Con el lama en el camino
Ari Kalu alcanzó al lama y caminó en silencio a su lado. La foto que aquella mujer le acababa de mostrar le había sumido en un estado de perplejidad. Se permitió guardar silencio unos minutos más y, cuando recobró el habla, se dirigió con respeto al lama:
—Lama, ¿recuerdas que te conté ayer el extraño encuentro con aquel hombre en el camino? ¿El responsable de mi retraso?
El lama frenó en seco sus pasos y se volvió con gesto de irritación contenida hacia Ari Kalu.
—¿Responsable? ¿Quién es el responsable? ¿Y de qué?

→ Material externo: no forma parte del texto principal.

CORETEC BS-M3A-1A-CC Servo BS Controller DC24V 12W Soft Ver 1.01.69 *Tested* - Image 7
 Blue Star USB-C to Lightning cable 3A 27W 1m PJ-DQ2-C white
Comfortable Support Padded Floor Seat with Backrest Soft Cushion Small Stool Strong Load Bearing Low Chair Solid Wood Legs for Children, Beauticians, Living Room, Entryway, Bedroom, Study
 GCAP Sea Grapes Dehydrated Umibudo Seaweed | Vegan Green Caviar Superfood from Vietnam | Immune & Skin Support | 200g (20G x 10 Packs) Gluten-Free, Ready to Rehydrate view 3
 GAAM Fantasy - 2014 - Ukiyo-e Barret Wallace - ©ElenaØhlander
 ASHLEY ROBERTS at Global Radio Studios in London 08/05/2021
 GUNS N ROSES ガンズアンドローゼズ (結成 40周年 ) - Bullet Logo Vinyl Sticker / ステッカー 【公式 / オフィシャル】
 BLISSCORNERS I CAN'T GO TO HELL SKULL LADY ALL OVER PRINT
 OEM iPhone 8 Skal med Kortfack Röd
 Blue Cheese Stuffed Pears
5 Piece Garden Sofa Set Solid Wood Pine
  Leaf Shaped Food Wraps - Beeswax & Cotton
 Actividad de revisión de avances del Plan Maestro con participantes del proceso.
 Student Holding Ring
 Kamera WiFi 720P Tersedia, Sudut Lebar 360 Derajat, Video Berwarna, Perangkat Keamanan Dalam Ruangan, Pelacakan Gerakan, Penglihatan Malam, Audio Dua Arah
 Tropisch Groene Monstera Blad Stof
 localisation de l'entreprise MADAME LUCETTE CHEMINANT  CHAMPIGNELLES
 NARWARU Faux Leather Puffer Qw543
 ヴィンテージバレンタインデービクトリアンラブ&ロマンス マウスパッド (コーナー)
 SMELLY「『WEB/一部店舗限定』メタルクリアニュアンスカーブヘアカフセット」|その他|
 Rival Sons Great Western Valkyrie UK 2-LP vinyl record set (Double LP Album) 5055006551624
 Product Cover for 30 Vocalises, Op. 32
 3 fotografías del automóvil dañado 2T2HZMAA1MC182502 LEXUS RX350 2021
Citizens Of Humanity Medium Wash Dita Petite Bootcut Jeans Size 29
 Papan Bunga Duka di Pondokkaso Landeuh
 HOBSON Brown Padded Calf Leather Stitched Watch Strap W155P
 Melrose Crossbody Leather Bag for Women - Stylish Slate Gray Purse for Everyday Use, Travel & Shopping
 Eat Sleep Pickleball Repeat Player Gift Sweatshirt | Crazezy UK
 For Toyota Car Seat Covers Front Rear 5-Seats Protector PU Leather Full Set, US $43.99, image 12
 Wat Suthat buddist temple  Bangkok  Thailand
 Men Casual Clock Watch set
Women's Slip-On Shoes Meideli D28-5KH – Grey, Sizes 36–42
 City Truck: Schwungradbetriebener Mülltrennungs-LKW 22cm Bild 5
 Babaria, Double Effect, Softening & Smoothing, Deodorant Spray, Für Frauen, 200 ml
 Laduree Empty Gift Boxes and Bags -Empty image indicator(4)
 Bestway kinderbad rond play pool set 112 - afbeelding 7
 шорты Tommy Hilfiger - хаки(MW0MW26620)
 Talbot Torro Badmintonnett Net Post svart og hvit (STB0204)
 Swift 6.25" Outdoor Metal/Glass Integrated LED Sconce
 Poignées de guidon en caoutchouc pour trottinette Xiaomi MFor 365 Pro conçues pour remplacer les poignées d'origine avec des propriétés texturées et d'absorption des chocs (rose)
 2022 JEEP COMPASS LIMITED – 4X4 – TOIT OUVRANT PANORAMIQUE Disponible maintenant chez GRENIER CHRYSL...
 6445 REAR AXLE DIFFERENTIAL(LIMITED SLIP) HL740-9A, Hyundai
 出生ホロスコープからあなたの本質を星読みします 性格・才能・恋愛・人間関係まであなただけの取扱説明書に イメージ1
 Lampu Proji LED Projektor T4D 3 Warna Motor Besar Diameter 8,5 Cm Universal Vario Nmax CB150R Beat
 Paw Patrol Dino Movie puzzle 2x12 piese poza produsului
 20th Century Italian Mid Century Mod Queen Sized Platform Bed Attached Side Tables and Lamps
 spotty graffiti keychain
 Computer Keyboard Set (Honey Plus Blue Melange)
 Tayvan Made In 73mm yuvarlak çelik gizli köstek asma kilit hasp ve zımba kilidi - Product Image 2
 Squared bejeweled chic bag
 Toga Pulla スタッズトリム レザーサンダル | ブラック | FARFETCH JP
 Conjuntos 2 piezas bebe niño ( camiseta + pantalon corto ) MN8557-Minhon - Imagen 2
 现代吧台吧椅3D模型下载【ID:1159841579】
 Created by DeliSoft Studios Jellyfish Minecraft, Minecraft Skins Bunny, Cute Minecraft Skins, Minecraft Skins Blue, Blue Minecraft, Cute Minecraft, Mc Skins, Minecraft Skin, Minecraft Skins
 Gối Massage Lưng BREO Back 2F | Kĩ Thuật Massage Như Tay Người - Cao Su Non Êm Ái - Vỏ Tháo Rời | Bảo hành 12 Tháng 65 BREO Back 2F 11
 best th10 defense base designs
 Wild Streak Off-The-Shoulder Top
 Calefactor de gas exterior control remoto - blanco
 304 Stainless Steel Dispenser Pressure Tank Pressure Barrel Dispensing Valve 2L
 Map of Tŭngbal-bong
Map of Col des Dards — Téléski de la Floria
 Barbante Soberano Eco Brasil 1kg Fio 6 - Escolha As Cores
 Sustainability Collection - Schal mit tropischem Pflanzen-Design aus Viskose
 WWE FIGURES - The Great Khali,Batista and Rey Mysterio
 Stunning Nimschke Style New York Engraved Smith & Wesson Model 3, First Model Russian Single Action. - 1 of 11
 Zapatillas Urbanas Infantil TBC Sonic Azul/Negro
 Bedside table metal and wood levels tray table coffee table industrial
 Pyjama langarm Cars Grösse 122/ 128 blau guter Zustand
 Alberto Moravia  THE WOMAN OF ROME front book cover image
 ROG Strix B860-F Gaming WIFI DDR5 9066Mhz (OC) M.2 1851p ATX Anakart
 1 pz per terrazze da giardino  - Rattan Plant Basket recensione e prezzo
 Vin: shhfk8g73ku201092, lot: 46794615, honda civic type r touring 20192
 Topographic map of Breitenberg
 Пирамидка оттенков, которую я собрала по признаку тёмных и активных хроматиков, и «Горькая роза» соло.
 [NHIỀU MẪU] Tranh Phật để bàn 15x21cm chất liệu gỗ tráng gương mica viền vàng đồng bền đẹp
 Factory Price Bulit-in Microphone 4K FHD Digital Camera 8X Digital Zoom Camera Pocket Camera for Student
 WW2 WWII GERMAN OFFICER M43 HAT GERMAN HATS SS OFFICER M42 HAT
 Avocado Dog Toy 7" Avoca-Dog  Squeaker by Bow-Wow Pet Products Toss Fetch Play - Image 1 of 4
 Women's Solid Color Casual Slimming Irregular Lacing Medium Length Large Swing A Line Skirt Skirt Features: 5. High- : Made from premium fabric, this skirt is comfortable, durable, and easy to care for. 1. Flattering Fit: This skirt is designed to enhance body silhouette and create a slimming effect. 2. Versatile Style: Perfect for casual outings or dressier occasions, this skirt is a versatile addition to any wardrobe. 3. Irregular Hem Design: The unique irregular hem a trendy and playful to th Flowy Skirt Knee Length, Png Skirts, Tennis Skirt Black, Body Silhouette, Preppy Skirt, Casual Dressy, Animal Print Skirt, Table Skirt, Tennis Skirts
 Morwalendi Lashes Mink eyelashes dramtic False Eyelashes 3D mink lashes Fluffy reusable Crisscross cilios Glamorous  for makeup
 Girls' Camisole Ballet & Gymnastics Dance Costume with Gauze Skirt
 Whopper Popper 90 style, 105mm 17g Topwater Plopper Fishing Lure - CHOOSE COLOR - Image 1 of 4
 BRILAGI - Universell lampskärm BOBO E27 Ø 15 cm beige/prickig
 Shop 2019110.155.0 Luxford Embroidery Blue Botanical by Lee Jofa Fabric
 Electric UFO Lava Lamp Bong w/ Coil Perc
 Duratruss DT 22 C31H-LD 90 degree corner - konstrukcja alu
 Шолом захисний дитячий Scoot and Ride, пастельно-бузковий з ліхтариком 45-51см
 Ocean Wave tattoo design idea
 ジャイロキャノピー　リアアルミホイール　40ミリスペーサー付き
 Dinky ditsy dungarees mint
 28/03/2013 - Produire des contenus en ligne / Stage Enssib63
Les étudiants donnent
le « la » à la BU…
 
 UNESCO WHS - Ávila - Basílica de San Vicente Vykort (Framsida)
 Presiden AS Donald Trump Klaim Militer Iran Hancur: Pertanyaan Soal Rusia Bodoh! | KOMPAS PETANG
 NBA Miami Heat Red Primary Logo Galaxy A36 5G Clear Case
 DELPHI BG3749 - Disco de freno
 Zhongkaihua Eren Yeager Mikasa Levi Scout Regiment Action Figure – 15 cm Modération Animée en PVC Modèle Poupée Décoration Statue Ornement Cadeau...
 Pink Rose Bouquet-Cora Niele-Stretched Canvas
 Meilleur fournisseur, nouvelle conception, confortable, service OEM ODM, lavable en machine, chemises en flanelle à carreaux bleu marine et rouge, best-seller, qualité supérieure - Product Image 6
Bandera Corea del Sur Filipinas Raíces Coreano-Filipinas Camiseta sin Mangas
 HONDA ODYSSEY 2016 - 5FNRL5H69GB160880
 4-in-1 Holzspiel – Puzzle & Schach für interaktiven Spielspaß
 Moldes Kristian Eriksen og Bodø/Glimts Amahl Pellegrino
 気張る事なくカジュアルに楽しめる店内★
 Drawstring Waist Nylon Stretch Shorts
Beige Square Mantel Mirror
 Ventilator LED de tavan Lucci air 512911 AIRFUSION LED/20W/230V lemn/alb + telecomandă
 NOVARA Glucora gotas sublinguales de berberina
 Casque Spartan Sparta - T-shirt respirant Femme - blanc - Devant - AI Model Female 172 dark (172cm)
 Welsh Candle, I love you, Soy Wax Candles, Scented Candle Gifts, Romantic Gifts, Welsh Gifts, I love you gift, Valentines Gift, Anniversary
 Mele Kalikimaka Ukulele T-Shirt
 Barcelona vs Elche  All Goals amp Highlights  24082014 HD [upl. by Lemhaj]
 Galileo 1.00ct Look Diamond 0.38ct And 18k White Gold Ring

Ari Kalu se preparó para una de las enseñanzas del lama. Conocía aquel gesto suyo que solía acompañarse de una detención brusca de cualquier movimiento. Aquello significaba que daba lo mismo si a Ari Kalu o a cualquier otro ser vivo le parecía o no el momento más oportuno. Significaba que el lama había encontrado un agujero de ignorancia y que se apresuraba a rellenarlo. No era posible apartarle de su camino. Así que el lama continuó con su reflexión…
—Es imposible ver juntos al individuo que ha cometido la acción, que ha generado la causa, y al que experimenta el fruto, el resultado… ¿Quién mete la bola blanca en el agujero de la mesa de billar? ¿Es acaso la bola amarilla la responsable? ¿La roja, quizás? ¿O es la pared del tablero de la mesa en el que chocan? ¿Es el palo del jugador? ¿El brazo del jugador que impulsa el palo? ¿O son los amigos del jugador que le convencieron para que jugara con ellos esa tarde? Kalu, Kalu… ¡No hay número uno! Es el impulso. ¡Todo es un continuo mental! ¡No hay olas fuera del océano!
Kalu ya se sentía suficientemente aturullado como para concentrarse, ahora, en el discurso del lama. Así que intentó la maniobra contraria, atraer la atención del lama para que este le permitiera contarle su experiencia.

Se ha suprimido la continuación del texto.